> _Instructions for the task_
Leaving the pictures aside, transcribe every line below exactly.

==== Source material

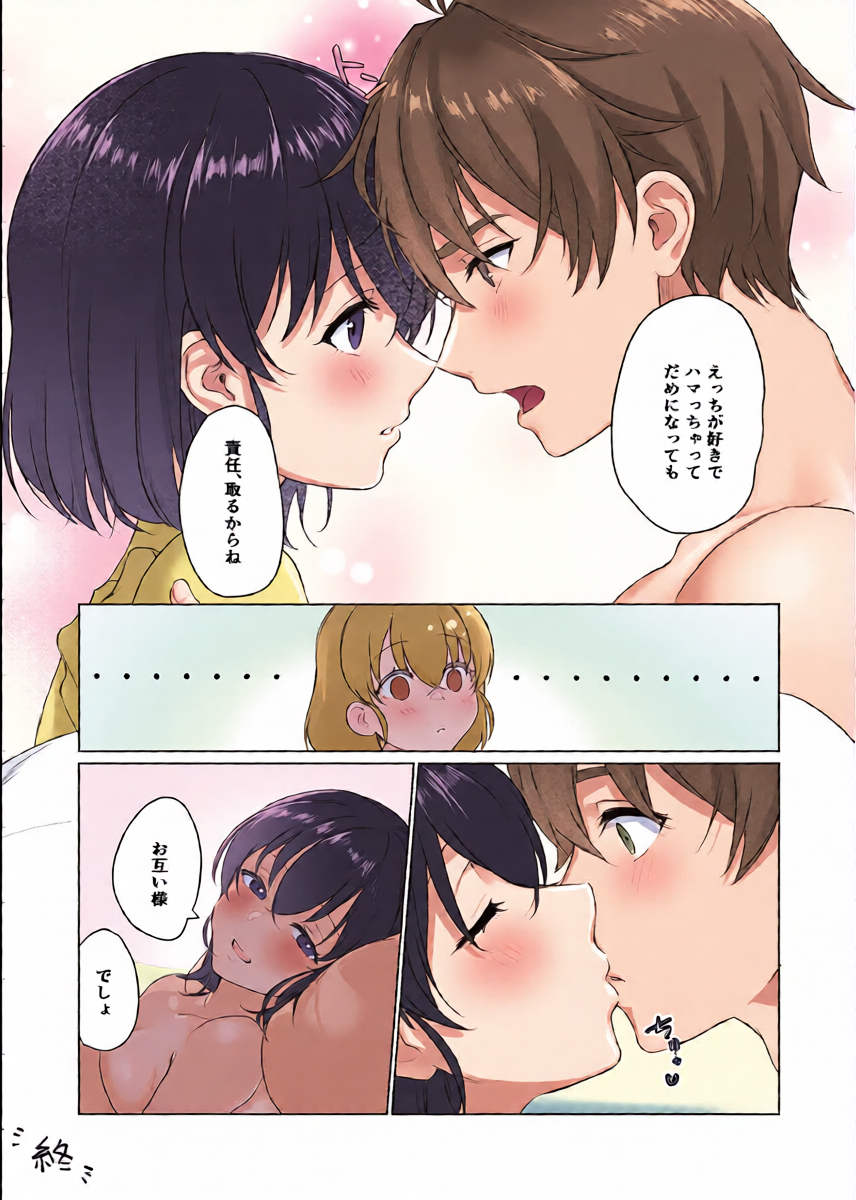 หน้า 37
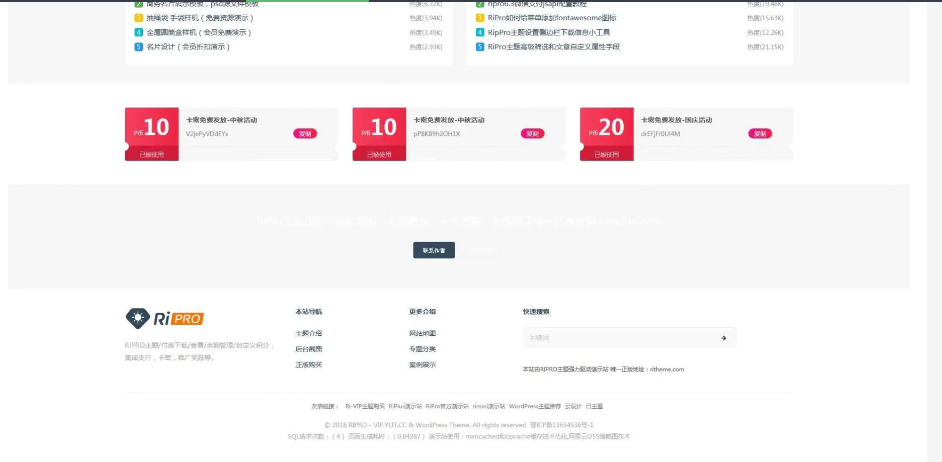 图片[4]-日主题RiPro v8.1破解版（修复缓存器功能）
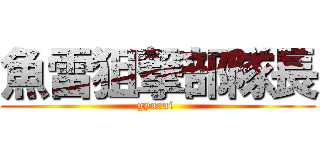 魚雷狙撃部隊長 (gyorai )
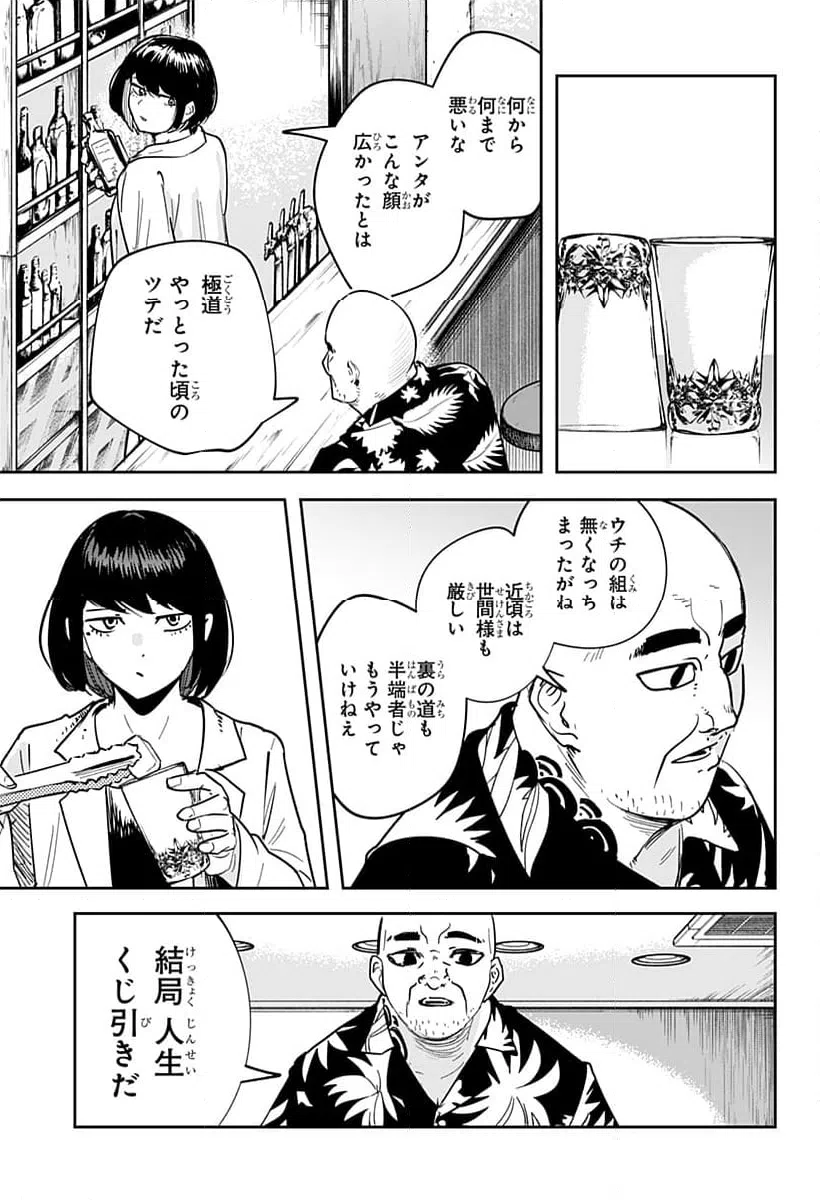 ページ 17 — 第27話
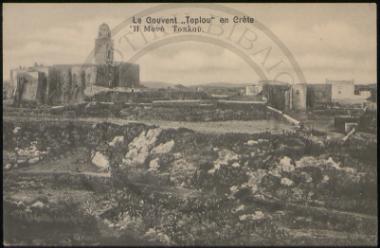 Η Μονή Τοπλού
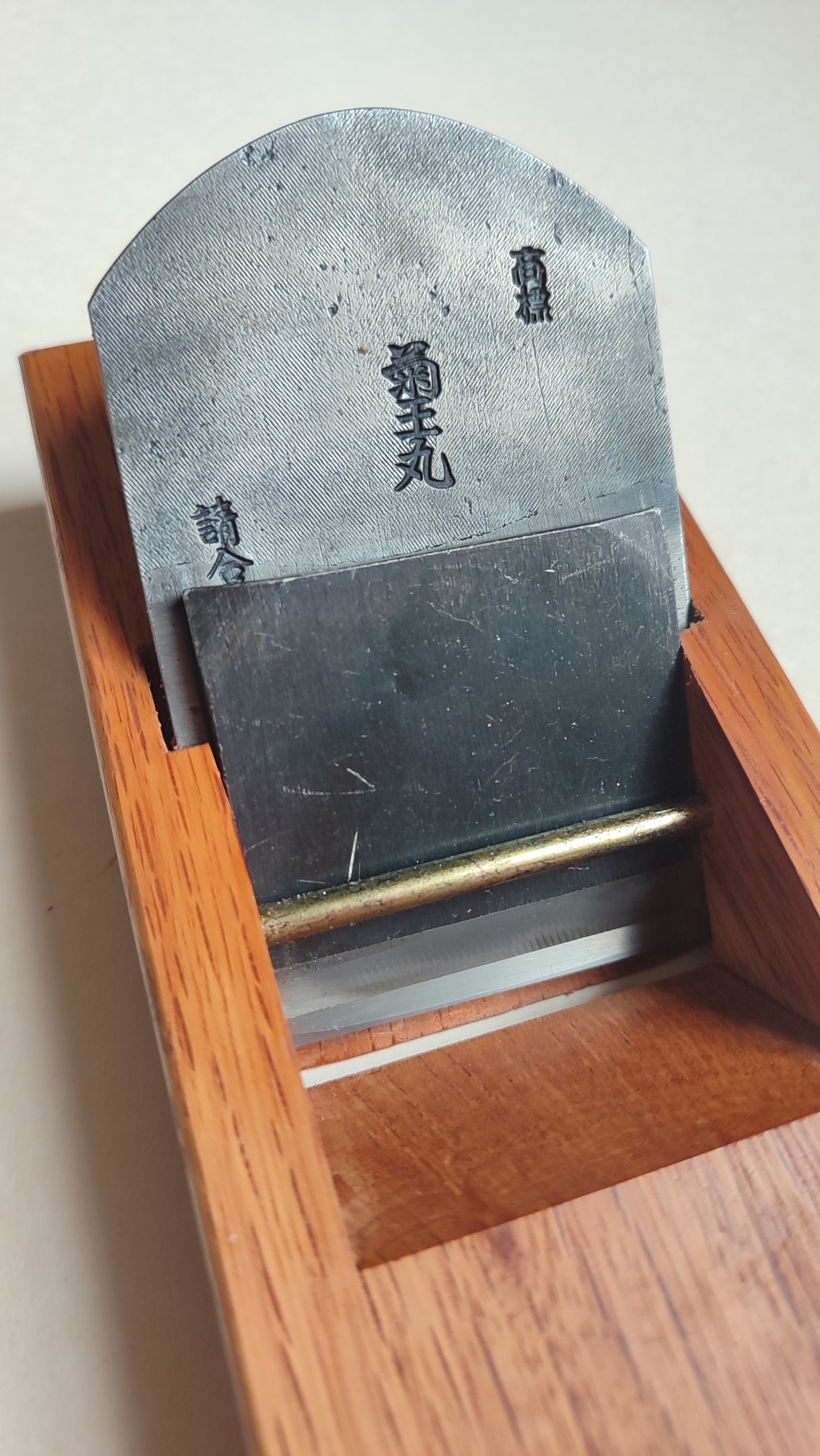 Rabot japonais vintage "Hira Kanna" 70mm "Kikuomaru"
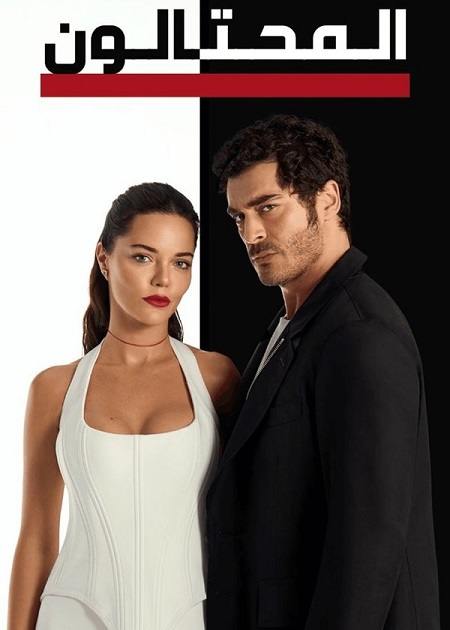 مسلسل المحتالون الجزء الاول الحلقة 17 مدبلجة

========

> _Answer space_
 หน้า 37
 图片[4]-日主题RiPro v8.1破解版（修复缓存器功能）
 魚雷狙撃部隊長 (gyorai )
 ページ 17 — 第27話
 Η Μονή Τοπλού
 Rabot japonais vintage "Hira Kanna" 70mm "Kikuomaru"
 مسلسل المحتالون الجزء الاول الحلقة 17 مدبلجة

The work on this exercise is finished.